==== The records

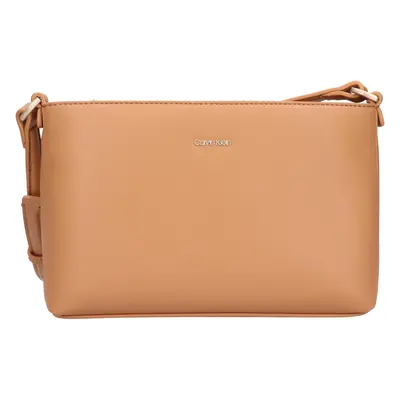 Női crossbody táska Calvin Klein Debbe - barna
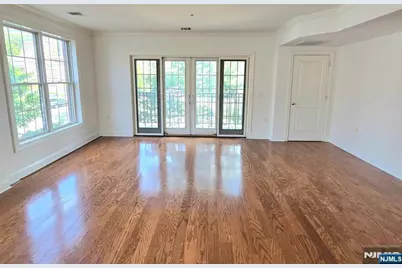 54 Polifly Road 201 #201, Hackensack, NJ 07601 - Photo 2
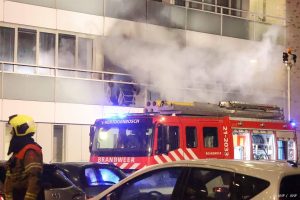 Thumbnail voor Politie onderzoekt balkonbrand waarbij 2-jarig kind gewond raakte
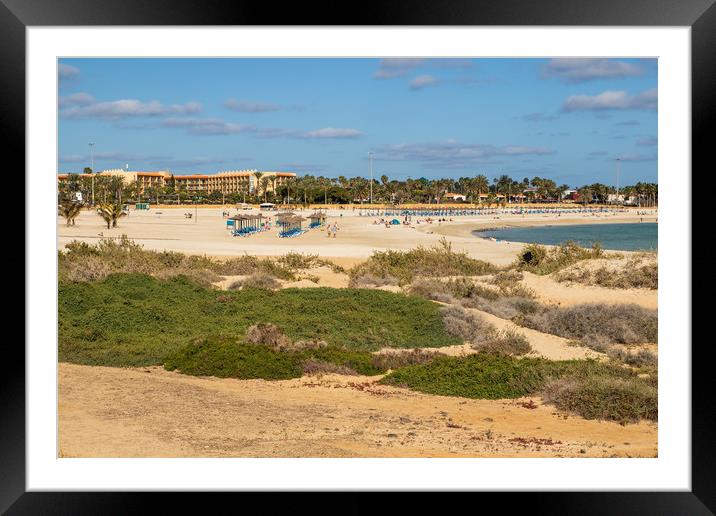 people on holiday in caleta de fuste, Fuerteventur Framed Mounted Print by chris smith
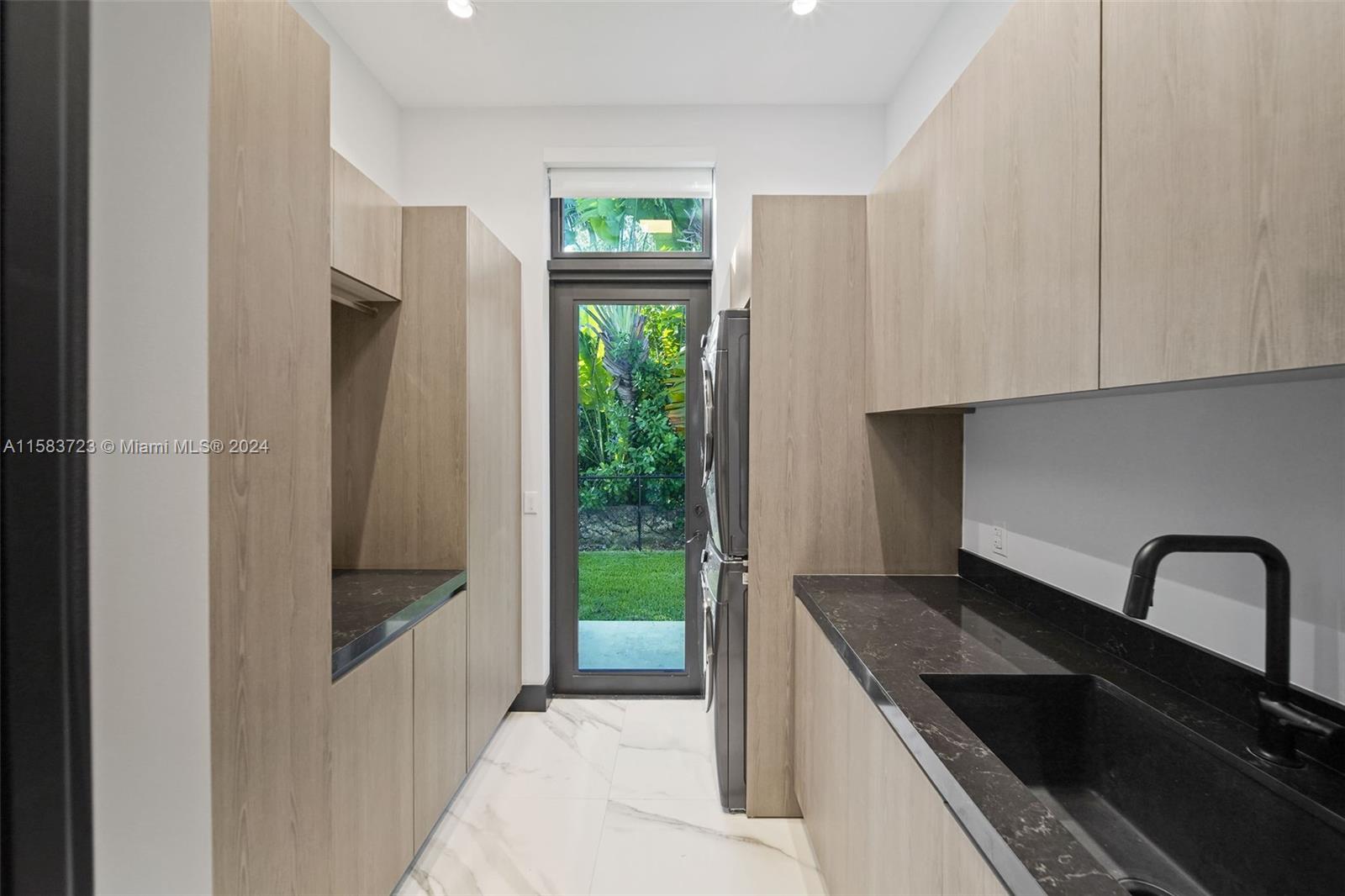 C GAB COUNTRY CLUB SEC 5 - Residential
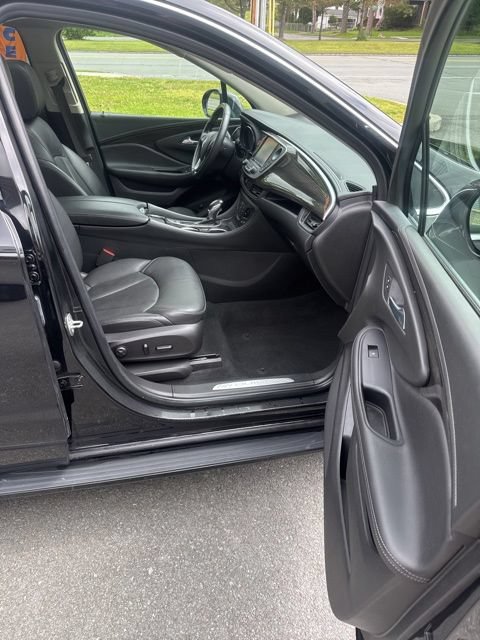 Used 2020 Buick Envision Essence w/ Experience Buick Package AWD/4WD image 18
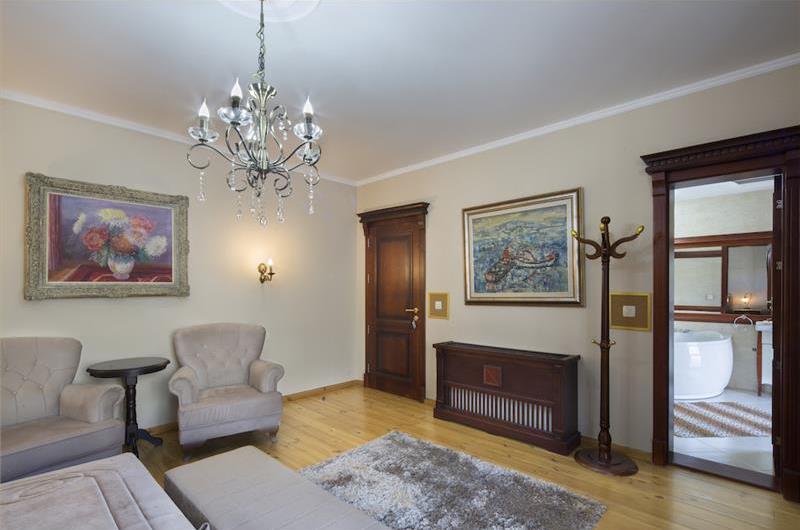 5 bedroom bayside villa with pool near Kotor, sleeps 12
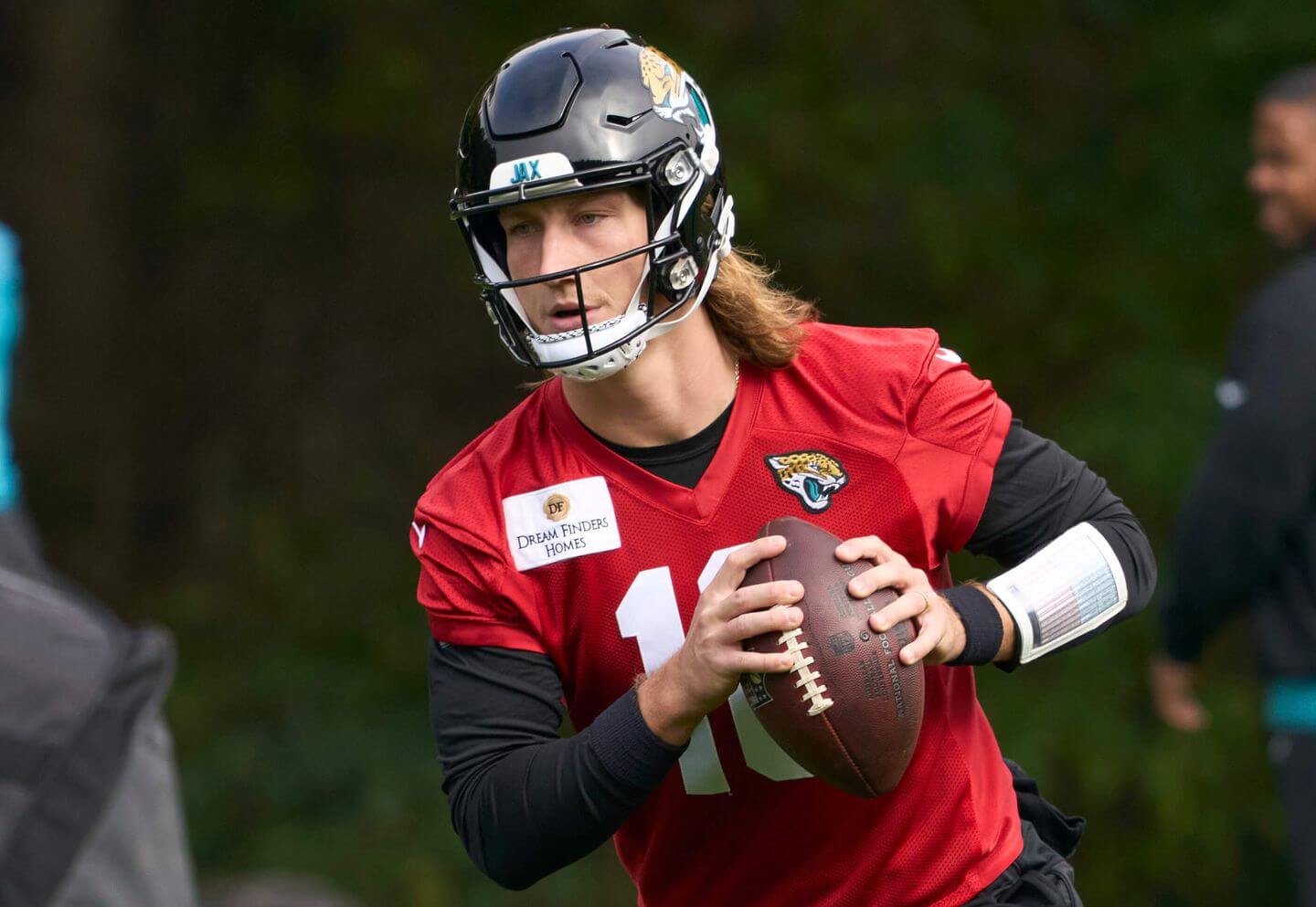 NFL Week 7 live updates: Patriots-Jaguars from Wembley, Haason Reddick holdout ends, league schedule, predictions, odds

========

About this exercise: Each line of the data above should be reproduced without alteration, and no picture should appear in the copy.

Task output:
 Női crossbody táska Calvin Klein Debbe - barna
 54 Polifly Road 201 #201, Hackensack, NJ 07601 - Photo 2
 Thumbnail voor Politie onderzoekt balkonbrand waarbij 2-jarig kind gewond raakte
 people on holiday in caleta de fuste, Fuerteventur Framed Mounted Print by chris smith
 C GAB COUNTRY CLUB SEC 5 - Residential
 Used 2020 Buick Envision Essence w/ Experience Buick Package AWD/4WD image 18
 5 bedroom bayside villa with pool near Kotor, sleeps 12
 NFL Week 7 live updates: Patriots-Jaguars from Wembley, Haason Reddick holdout ends, league schedule, predictions, odds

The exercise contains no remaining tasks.